I did not sign the letter. I could say the reason was that I did not share the urgent fear others held of QE because I could see that these excess reserves would have little real impact unless they left the Fed’s balance sheet and flooded into the economy. With banks unwilling to lend and consumers unable to borrow, there was little chance these trillions of reserves would go anywhere or have any material impact. And with no requirement to manage the size of its balance sheet, the Fed could in theory expand it forever, or wind it down over a century, as it chose. I continue to believe that QE had very little real impact on the economy, benign or malign, and the end of QE and the prospects of monetary tightening need not be feared by investors.
All of the above is true, although I must admit, among friends, that the real reason I didn’t sign that letter was not disagreement and prescient foresight, but that simply, no one asked me. That’s not a complaint, just an admission.

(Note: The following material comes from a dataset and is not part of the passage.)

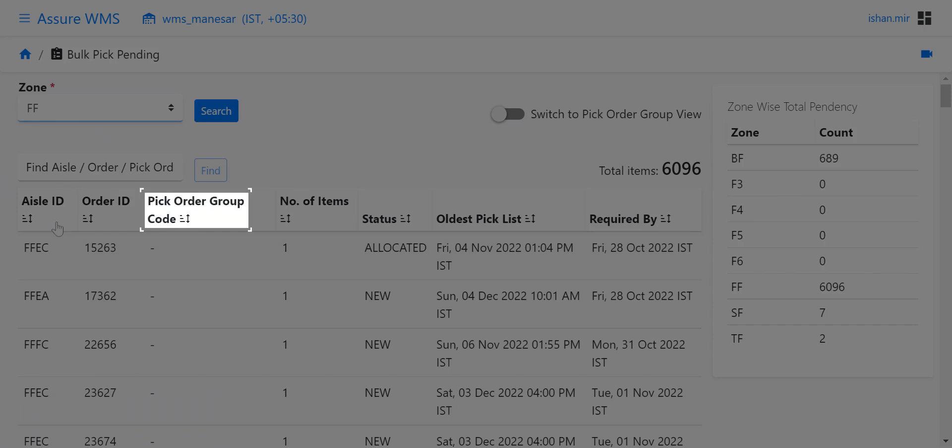For B2B, pick lists can be released for multiple orders together. To do that, several orders are clubbed together to create a pick order group code. The pick order group code for such orders can be viewed on the screen.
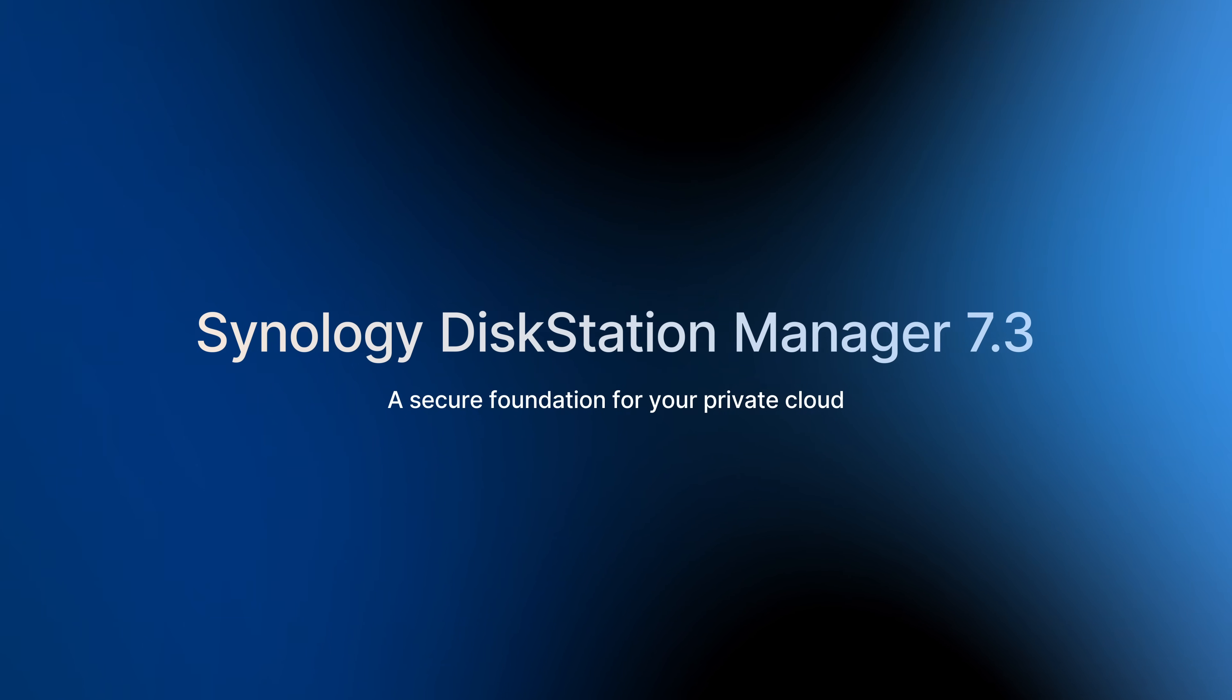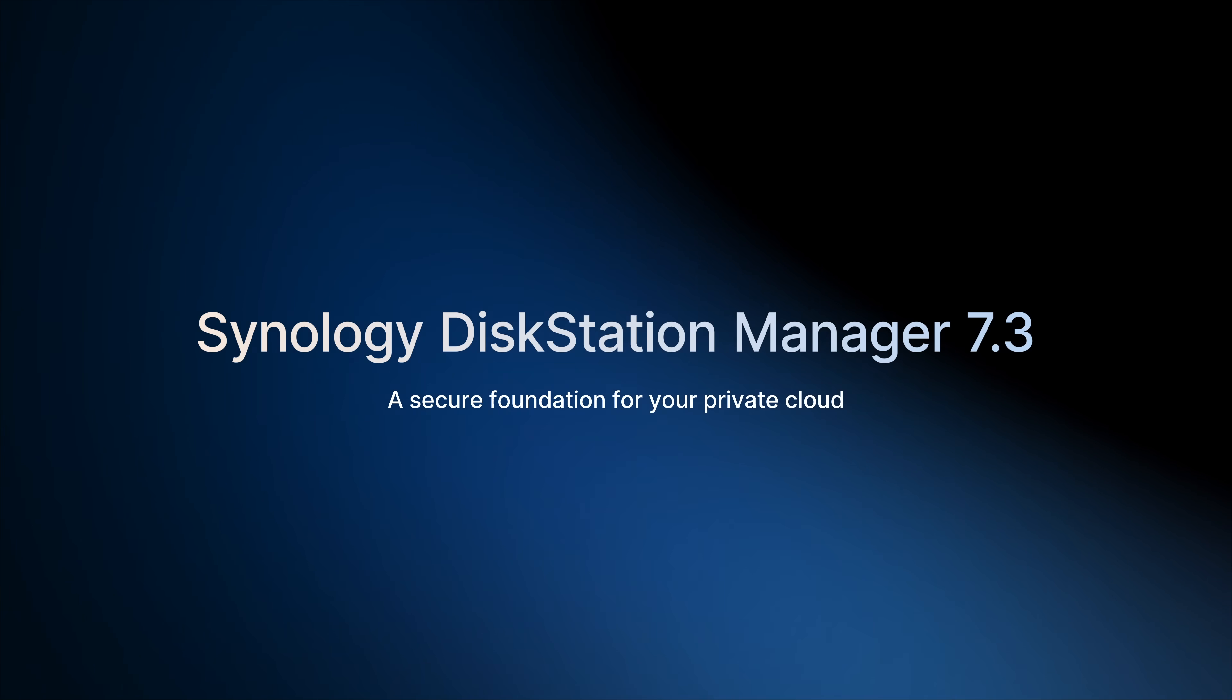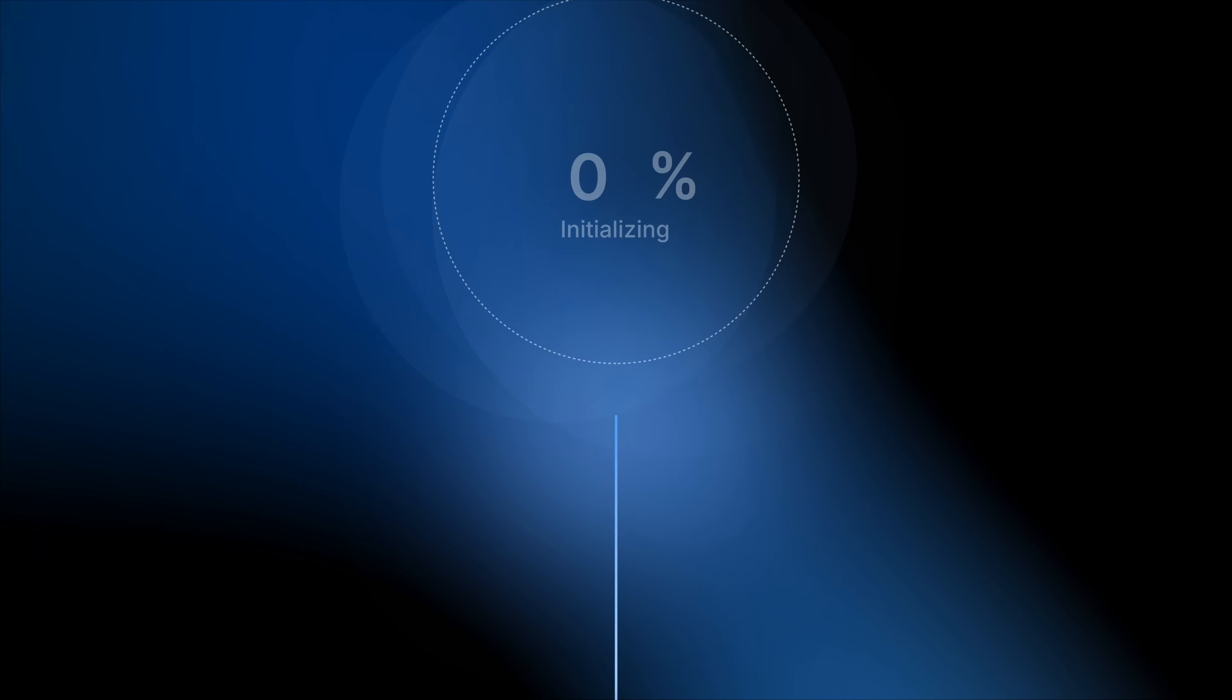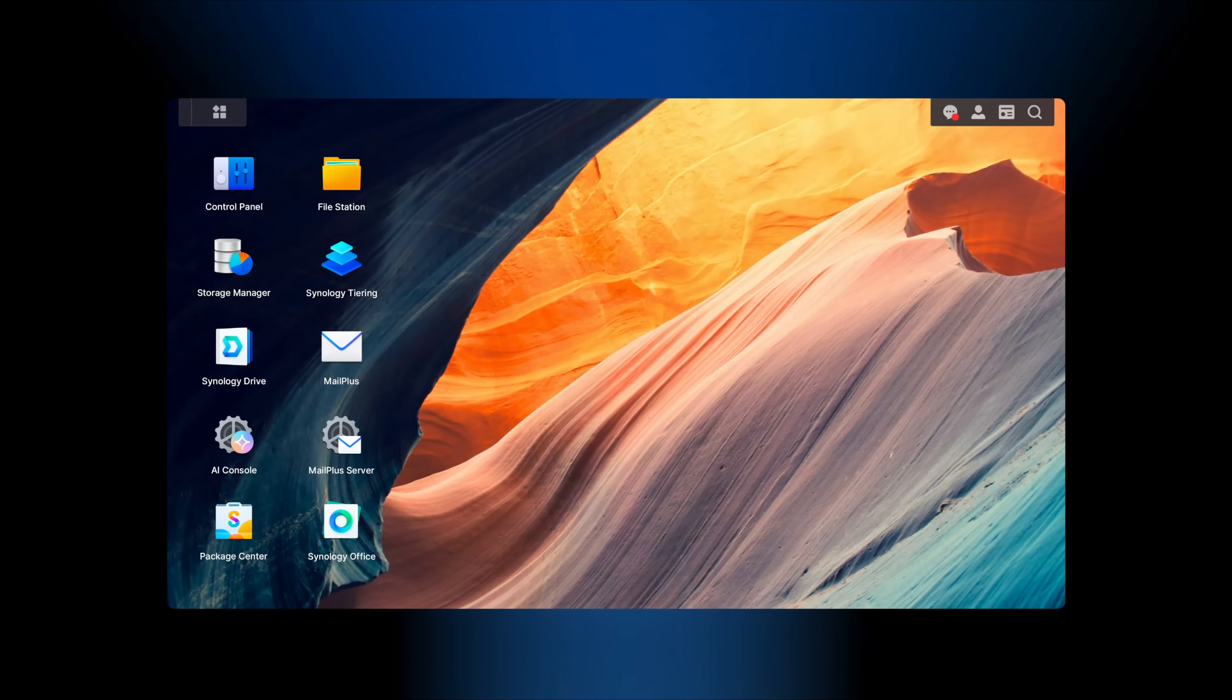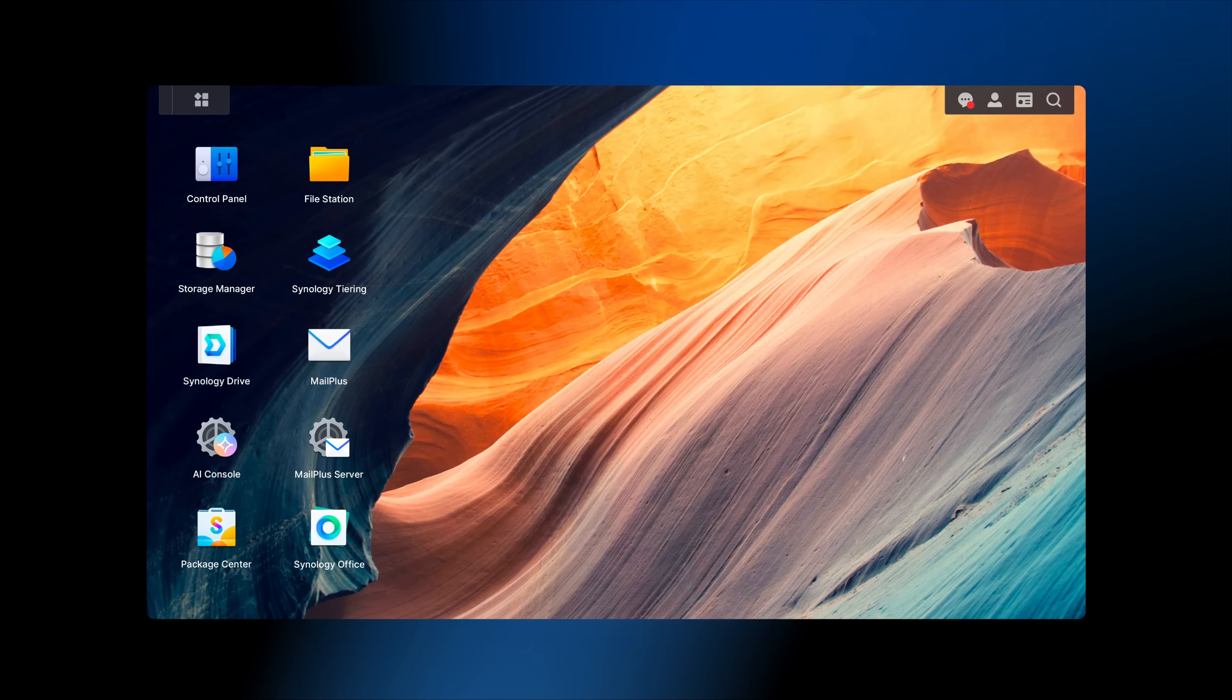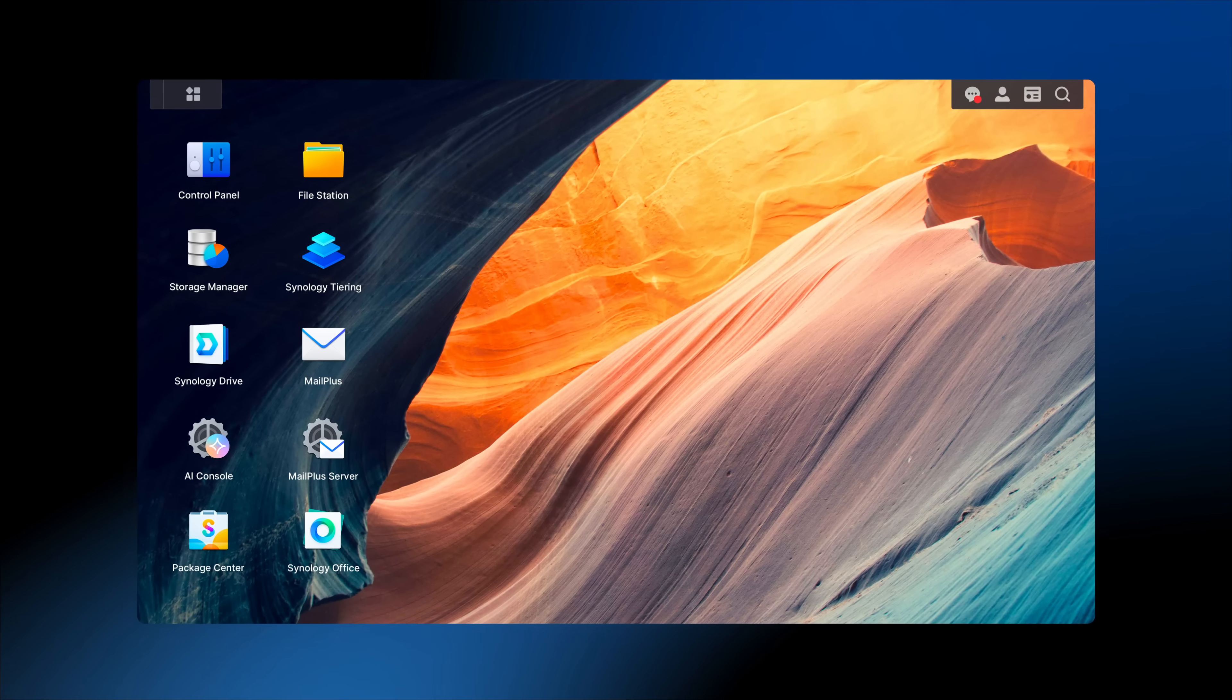Introducing Synology DiskStation Manager 7.3. The next step in Synology's unwavering pursuit of storage excellence, built on proven reliability, advanced security, and refined usability.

While I continue to believe that QE had little effect on the real economy, it apparently did have a pernicious (and unforeseen, by me, at least) impact on civility, specifically, the efficiency of language. For as the Fed’s balance sheet expands, so too does its verbiage explaining its decisions (kudos to Vincent Reinhart of Morgan Stanley for keeping tabs on this important data series). Clarity and succinctness have been under assault in our society for many years, and we must resist this rising tide of words. I am hopeful that the end of QE will facilitate the return to the good old days of 200 words or less from Fed pronouncements. If the authors will amend their 2010 letter to emphasize this point, I’ll happily sign it now.